Getting started.
MolluscaGenes is run from a terminal — a text-only window
that lets you type commands. On macOS that's the
Terminal app (/Applications/Utilities/Terminal.app),
on Linux it's any terminal emulator (GNOME Terminal, Konsole, xterm, …),
and on Windows we recommend the
Windows
Subsystem for Linux with Ubuntu, which gives you a real Linux shell.
The instructions below assume you have a Bash- or zsh-style shell open.

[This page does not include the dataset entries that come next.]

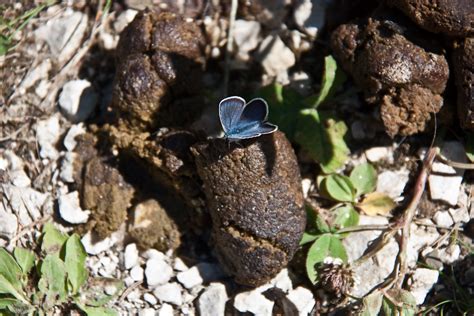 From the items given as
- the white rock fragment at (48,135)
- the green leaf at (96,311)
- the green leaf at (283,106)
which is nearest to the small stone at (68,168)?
the white rock fragment at (48,135)

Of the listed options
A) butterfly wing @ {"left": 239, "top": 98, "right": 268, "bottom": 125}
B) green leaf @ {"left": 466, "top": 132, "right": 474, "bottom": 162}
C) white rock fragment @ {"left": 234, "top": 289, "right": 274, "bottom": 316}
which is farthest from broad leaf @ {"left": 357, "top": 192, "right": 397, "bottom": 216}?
butterfly wing @ {"left": 239, "top": 98, "right": 268, "bottom": 125}

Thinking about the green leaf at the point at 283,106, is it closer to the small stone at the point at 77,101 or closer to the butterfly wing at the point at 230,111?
the butterfly wing at the point at 230,111

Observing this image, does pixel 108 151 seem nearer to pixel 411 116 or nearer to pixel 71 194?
pixel 71 194

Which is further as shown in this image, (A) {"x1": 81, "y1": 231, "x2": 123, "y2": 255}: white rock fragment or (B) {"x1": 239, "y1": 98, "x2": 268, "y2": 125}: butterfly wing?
(A) {"x1": 81, "y1": 231, "x2": 123, "y2": 255}: white rock fragment

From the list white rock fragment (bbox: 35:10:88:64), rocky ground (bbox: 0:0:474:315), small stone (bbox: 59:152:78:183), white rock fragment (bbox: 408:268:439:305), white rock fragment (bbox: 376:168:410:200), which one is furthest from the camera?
white rock fragment (bbox: 35:10:88:64)

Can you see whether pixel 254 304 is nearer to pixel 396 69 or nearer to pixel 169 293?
pixel 169 293

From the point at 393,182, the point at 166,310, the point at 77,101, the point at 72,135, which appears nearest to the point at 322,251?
the point at 393,182

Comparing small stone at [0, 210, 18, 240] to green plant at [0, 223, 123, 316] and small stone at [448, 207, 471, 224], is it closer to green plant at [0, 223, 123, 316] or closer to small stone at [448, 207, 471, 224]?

What's a "shell"? The shell is the program that
interprets the commands you type and dispatches them. Everywhere this
tutorial says "in the terminal", you can paste the line into
your shell and press Enter. A line beginning with
$ is a command you type — you don't paste the
$ itself.
One-time setup, in five minutes
- Install conda if you don't already have it. We recommend Miniforge; follow the installer prompts and reopen your terminal afterward.
-
Clone the repository. This downloads the wrappers,
metadata, HMMs, and site code to a folder on your computer:
git clone https://github.com/invertome/molluscagenes cd molluscagenes
git clonecopies the GitHub repo to a new folder namedmolluscagenes;cd("change directory") moves your terminal session into that folder. Every command in this tutorial assumes you are inside it. -
Create the conda environment. This installs every
external tool the wrappers call (BLAST, DIAMOND, HMMER, MAFFT,
ClipKit, IQ-TREE, TreeShrink, plus a few helpers) into an isolated
conda environment named
molluscagenes. It only needs to be done once and takes 5–15 minutes:conda env create -f environment.yml conda activate molluscagenes
Theactivatestep is something you'll need to repeat every time you open a new terminal session. -
Download the database from Zenodo. Pick a folder
with at least 20 GB of free disk for the BLAST
and DIAMOND files (these are too big for GitHub). The
mg_fetch.shwrapper does the download, verifies SHA256 checksums, extracts the tarballs, and writes a configuration file that tells the other wrappers where the data lives:bash wrappers/mg_fetch.sh /path/to/storage
Replace/path/to/storagewith the actual folder you picked. If you want to see what would be downloaded without actually downloading anything, add--dry-run. -
Source the configuration file in every new
terminal session before running any wrapper:
source config.sh
This sets a handful of environment variables ($MG_BLAST_AA,$MG_HMM, …) that the wrappers read. If you forget this step you'll see an "no config.sh found" error.